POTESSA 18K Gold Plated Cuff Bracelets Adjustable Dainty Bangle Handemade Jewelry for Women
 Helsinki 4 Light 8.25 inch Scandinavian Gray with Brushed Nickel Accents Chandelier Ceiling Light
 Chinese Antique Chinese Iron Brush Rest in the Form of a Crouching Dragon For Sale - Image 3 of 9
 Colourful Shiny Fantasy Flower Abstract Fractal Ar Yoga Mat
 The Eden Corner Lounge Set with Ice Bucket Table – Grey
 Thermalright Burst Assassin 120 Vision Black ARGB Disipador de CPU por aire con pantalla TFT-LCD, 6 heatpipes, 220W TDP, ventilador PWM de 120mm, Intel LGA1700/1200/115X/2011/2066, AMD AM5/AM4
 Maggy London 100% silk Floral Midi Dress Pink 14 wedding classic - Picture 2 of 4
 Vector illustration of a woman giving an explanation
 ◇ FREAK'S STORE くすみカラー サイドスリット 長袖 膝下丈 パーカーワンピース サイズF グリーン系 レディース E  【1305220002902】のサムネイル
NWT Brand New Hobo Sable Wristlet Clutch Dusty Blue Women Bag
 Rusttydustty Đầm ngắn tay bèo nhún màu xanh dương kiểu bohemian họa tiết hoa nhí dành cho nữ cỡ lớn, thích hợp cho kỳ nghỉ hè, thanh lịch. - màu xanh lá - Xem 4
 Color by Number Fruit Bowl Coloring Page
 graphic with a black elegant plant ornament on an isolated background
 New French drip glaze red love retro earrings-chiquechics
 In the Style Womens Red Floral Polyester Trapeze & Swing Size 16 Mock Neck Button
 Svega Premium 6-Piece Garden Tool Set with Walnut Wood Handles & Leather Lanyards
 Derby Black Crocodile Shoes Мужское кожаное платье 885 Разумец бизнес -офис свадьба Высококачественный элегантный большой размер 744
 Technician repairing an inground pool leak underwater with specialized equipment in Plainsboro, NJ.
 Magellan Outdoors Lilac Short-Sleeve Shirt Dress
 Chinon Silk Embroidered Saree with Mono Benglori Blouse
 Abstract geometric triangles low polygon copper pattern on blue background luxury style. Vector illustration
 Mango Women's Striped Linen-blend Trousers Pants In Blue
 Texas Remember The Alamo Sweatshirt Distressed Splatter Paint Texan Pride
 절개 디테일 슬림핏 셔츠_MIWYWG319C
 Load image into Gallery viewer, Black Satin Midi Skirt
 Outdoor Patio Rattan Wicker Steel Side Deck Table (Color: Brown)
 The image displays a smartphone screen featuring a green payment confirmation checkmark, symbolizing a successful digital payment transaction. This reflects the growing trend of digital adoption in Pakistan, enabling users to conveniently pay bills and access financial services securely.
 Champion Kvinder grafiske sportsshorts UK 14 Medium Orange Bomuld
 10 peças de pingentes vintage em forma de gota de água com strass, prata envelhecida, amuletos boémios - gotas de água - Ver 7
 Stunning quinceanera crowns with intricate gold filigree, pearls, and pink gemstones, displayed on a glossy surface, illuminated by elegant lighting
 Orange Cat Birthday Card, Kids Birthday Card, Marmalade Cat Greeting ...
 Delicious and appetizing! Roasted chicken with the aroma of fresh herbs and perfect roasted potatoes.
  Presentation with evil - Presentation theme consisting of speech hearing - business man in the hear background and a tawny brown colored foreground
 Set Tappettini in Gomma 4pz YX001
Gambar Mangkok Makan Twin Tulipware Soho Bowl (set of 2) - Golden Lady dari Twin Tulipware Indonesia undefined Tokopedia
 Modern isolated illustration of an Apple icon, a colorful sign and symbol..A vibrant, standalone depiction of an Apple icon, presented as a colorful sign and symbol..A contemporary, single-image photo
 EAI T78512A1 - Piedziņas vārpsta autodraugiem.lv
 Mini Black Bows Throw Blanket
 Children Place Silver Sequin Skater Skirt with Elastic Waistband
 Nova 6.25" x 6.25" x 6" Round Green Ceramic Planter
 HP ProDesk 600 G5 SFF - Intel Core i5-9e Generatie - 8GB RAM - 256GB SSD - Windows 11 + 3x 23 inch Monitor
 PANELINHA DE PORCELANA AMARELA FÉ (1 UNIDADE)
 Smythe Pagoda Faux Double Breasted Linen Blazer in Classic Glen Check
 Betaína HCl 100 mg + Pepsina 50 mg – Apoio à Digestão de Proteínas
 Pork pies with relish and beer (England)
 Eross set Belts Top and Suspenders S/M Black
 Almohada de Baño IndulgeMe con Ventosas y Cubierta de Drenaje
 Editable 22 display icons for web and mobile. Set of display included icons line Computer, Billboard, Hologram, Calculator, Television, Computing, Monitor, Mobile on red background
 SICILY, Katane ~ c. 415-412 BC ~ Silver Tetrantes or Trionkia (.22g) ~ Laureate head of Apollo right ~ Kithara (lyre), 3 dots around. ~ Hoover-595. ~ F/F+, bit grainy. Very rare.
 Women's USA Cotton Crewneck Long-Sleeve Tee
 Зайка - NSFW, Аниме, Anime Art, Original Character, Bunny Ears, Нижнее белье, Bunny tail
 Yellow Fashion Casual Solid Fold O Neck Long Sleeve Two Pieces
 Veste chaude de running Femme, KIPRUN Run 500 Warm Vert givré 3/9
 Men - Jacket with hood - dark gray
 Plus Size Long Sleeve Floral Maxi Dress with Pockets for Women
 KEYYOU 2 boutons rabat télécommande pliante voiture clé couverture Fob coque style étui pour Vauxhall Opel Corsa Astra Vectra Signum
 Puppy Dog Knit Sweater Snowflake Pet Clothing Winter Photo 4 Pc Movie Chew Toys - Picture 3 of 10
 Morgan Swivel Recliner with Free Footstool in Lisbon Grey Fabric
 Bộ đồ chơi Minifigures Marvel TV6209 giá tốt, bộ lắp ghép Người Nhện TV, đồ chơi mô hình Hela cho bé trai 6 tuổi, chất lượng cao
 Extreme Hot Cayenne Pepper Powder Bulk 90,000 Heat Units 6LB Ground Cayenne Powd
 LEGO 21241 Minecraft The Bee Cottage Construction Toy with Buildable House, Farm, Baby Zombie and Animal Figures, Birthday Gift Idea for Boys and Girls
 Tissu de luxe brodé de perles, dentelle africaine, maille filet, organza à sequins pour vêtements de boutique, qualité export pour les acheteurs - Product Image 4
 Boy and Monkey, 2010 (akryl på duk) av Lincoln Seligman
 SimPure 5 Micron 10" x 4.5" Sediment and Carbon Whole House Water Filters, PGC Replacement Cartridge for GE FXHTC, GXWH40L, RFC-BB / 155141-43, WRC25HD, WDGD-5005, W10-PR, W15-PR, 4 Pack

================

Task prompt: Your reply should hold all the lines from the listing above in which "Orange" appears.

Result for this task:
 Champion Kvinder grafiske sportsshorts UK 14 Medium Orange Bomuld
 Orange Cat Birthday Card, Kids Birthday Card, Marmalade Cat Greeting ...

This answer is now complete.